O que poderia a União Europeia fazer mais para apoiar projectos e organizações como esta? “Conseguimos trabalhar sem o apoio financeiro da União Europeia (UE)”, esclarece, desde logo. O que pode fazer a diferença, realça, é a capacidade de a Europa colocar temas na agenda e fazer com que os decisores ouçam a mensagem. “Se a UE organizar uma conferência na Tunísia sobre combate à corrupção e convidar o primeiro-ministro, ele vai estar presente. Mas se formos nós a organizá-la, ele não comparece”, exemplifica.
Asma insta ainda a UE a criar mecanismos de responsabilização de governos e partidos políticos, nomeadamente na área cultural, assim como a desenvolver projectos que potenciem a troca de experiências e boas práticas entre ONG a trabalhar na área dos direitos humanos. “Podem ser iniciativas simples, mas sustentam a mudança de forma profunda”, garante.
“Começámos a revolução e vamos continuá-la”
Do seu lado, o empenho está assegurado. E Asma é apenas uma activista num país que conta com mais de 10 000 ONG. “Temos uma sociedade civil das mais fortes do mundo”, diz, orgulhosa. Essa mesma sociedade civil que, através de quatro organizações, recebeu o Prémio Nobel da Paz em 2015 pelo seu papel na transição democrática do país.

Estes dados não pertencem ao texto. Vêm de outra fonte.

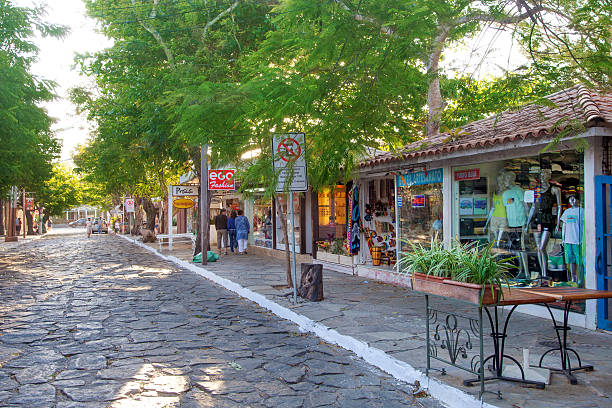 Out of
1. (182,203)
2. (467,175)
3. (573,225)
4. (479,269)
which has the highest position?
(467,175)

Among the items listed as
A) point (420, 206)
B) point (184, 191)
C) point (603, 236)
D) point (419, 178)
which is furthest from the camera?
point (184, 191)

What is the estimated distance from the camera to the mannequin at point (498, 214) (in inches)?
396

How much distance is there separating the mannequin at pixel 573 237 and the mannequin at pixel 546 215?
39 cm

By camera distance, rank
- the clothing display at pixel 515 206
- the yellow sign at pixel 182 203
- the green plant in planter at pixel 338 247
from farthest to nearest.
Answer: the yellow sign at pixel 182 203
the green plant in planter at pixel 338 247
the clothing display at pixel 515 206

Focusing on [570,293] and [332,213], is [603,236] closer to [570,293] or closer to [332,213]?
[570,293]

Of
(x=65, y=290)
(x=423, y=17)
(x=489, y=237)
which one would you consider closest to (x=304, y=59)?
(x=423, y=17)

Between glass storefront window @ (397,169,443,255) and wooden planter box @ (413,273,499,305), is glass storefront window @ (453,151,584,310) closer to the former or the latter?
glass storefront window @ (397,169,443,255)

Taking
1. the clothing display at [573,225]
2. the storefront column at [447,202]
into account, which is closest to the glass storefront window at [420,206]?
the storefront column at [447,202]

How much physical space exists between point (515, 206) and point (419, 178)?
9.78 feet

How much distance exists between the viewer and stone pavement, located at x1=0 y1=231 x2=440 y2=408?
495 centimetres

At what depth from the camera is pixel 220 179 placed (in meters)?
18.0

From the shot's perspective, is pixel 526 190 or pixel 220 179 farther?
pixel 220 179

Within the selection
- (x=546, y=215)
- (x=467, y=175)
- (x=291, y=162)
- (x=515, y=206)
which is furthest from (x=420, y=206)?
(x=291, y=162)

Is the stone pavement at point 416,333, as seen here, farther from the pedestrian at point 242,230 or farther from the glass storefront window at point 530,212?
the pedestrian at point 242,230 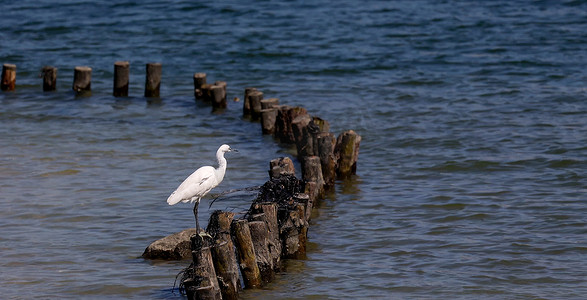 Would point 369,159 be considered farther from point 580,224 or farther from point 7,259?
point 7,259

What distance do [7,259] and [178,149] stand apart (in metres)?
A: 6.60

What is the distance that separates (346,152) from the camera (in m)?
14.5

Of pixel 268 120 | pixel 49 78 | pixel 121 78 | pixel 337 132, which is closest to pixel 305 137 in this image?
pixel 268 120

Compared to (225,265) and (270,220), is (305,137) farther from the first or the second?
(225,265)

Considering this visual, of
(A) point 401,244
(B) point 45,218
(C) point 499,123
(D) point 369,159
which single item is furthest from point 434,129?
(B) point 45,218

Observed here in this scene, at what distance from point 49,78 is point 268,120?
26.5 ft

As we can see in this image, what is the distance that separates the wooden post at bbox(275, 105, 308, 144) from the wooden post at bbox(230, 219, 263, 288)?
24.4 ft

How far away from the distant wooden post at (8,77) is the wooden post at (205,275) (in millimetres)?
15809

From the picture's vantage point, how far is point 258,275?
9.38 m

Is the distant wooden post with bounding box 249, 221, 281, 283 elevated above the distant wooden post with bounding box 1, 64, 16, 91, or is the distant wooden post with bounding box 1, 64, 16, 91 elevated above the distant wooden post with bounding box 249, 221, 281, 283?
the distant wooden post with bounding box 1, 64, 16, 91

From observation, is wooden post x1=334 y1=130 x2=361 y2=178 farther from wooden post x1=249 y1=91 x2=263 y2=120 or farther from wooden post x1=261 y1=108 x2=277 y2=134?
wooden post x1=249 y1=91 x2=263 y2=120

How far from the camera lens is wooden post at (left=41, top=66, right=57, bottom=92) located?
22.5m

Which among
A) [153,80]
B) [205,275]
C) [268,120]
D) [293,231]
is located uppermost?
[153,80]

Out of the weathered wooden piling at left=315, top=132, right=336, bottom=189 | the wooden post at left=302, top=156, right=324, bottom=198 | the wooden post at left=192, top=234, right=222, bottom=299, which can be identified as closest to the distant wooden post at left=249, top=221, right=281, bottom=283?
the wooden post at left=192, top=234, right=222, bottom=299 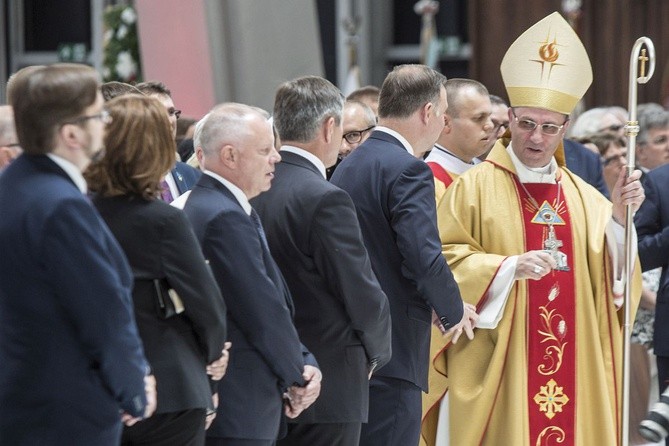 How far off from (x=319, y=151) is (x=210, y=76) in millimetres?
3507

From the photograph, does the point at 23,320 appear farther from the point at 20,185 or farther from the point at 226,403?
the point at 226,403

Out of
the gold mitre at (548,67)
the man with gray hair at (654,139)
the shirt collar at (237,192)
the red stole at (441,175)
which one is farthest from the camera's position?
the man with gray hair at (654,139)

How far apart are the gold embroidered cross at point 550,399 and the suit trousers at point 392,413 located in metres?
0.64

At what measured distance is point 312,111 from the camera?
3742 millimetres

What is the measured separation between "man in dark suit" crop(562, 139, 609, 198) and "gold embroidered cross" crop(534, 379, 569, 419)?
1.56 metres

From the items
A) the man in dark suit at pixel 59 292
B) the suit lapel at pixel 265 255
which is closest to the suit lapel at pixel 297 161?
the suit lapel at pixel 265 255

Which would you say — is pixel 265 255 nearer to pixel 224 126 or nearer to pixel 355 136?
pixel 224 126

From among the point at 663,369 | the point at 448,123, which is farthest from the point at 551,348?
the point at 448,123

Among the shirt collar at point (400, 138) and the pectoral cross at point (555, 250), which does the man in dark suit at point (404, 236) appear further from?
the pectoral cross at point (555, 250)

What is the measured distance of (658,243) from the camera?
5035mm

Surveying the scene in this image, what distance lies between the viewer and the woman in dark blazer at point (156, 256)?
2.92 meters

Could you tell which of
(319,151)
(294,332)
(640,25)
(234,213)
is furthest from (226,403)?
(640,25)

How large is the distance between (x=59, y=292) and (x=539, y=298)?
240 centimetres

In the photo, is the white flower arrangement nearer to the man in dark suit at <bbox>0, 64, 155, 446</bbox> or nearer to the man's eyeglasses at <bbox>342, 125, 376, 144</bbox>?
the man's eyeglasses at <bbox>342, 125, 376, 144</bbox> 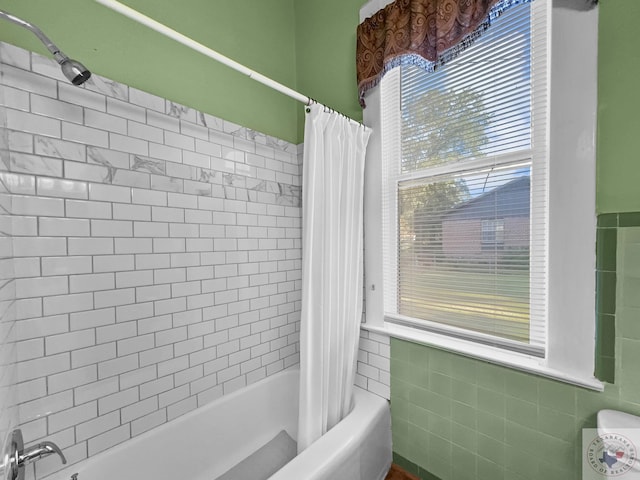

E uma coisa parece certa: a Tunísia não irá regredir para uma situação semelhante à do anterior regime liderado por Ben Ali que se arrastou por 23 anos. “As pessoas agora têm consciência dos seus direitos”, justifica Asma. “E há outra coisa muito importante: liberdade de expressão”, nota ainda. Seja através dos meios de comunicação tradicionais ou das redes sociais, de onde partiu o primeiro grito de revolta em 2011, a corrupção e a injustiça não ficarão na sombra. “Há muitas formas, hoje em dia, de continuar esta luta”. E promete: “Somos a nova geração da Tunísia. Começámos a revolução e vamos continuá-la.”